*** GIVEN DATA Section Begins ***

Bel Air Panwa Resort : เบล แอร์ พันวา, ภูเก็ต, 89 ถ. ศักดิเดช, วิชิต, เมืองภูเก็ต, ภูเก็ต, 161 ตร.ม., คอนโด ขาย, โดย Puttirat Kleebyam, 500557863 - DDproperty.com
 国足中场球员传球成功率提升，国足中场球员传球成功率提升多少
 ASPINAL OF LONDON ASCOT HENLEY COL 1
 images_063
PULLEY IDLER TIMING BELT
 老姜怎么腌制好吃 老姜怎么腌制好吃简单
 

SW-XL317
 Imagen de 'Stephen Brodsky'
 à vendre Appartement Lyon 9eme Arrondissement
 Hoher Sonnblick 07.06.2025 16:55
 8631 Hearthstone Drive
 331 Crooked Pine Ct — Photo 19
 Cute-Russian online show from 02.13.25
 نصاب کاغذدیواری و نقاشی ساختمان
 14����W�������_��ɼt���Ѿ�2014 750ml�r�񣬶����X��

*** GIVEN DATA Section Ends ***

- TASK BRIEF
Return the lines from the one containing "PULLEY IDLER TIMING BELT" through the last line of the records. Include both ends and nothing else.

- TASK OUTPUT
PULLEY IDLER TIMING BELT
 老姜怎么腌制好吃 老姜怎么腌制好吃简单
 

SW-XL317
 Imagen de 'Stephen Brodsky'
 à vendre Appartement Lyon 9eme Arrondissement
 Hoher Sonnblick 07.06.2025 16:55
 8631 Hearthstone Drive
 331 Crooked Pine Ct — Photo 19
 Cute-Russian online show from 02.13.25
 نصاب کاغذدیواری و نقاشی ساختمان
 14����W�������_��ɼt���Ѿ�2014 750ml�r�񣬶����X��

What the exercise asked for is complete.